* _WHAT IS REQUIRED_:
When you restate the data, keep every word as it is and drop the images.

* _AVAILABLE DATA_:
-------------------------

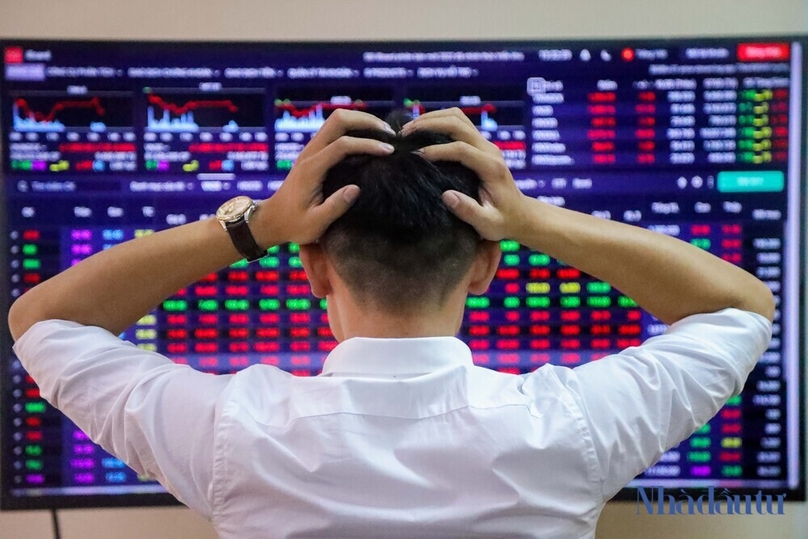 462 stocks fall and 42 rise on the HCMC stock exchange on September 26, 2022. Photo by The Investor/Gia Huy.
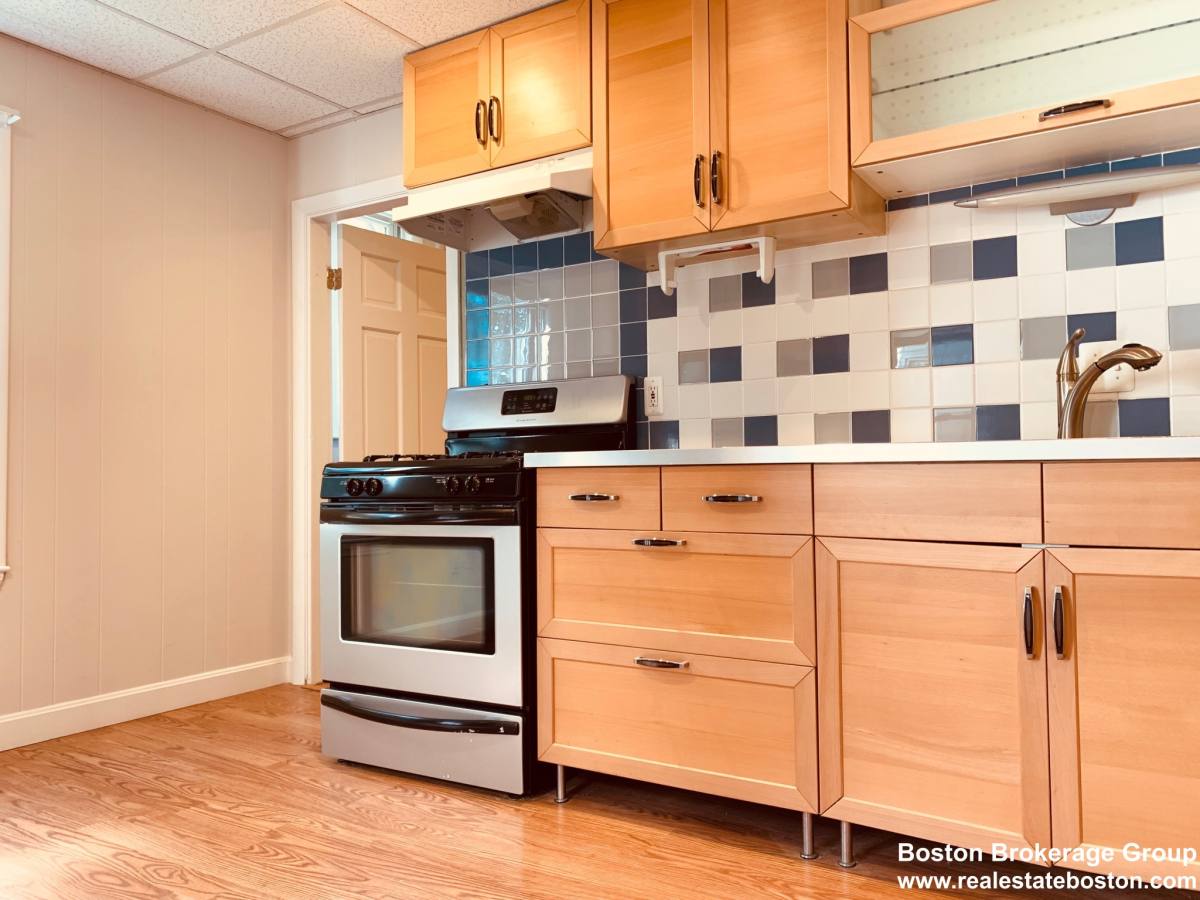 Apartment for rent at 105 Buttonwood St #1, Dorchester, MA 02125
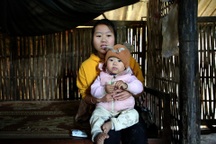 Ông gãy chân, bà bệnh tật, nén đau, nhường chi phí để cháu chữa bệnh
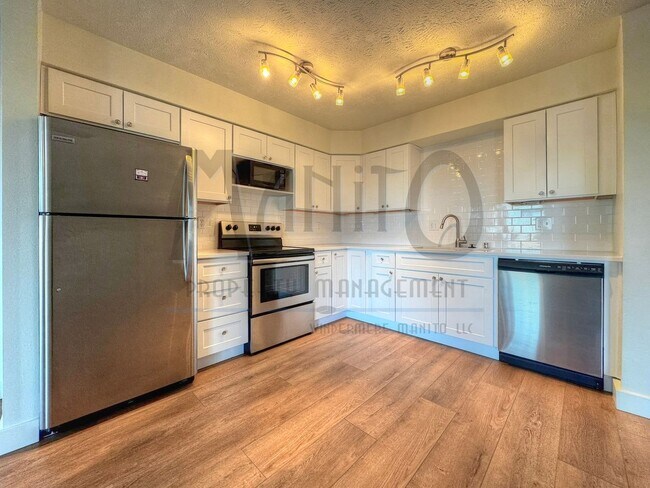 Building Photo - Spacious South Hill Condo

-------------------------

* _TASK ANSWER_:
 462 stocks fall and 42 rise on the HCMC stock exchange on September 26, 2022. Photo by The Investor/Gia Huy.
 Apartment for rent at 105 Buttonwood St #1, Dorchester, MA 02125
 Ông gãy chân, bà bệnh tật, nén đau, nhường chi phí để cháu chữa bệnh
 Building Photo - Spacious South Hill Condo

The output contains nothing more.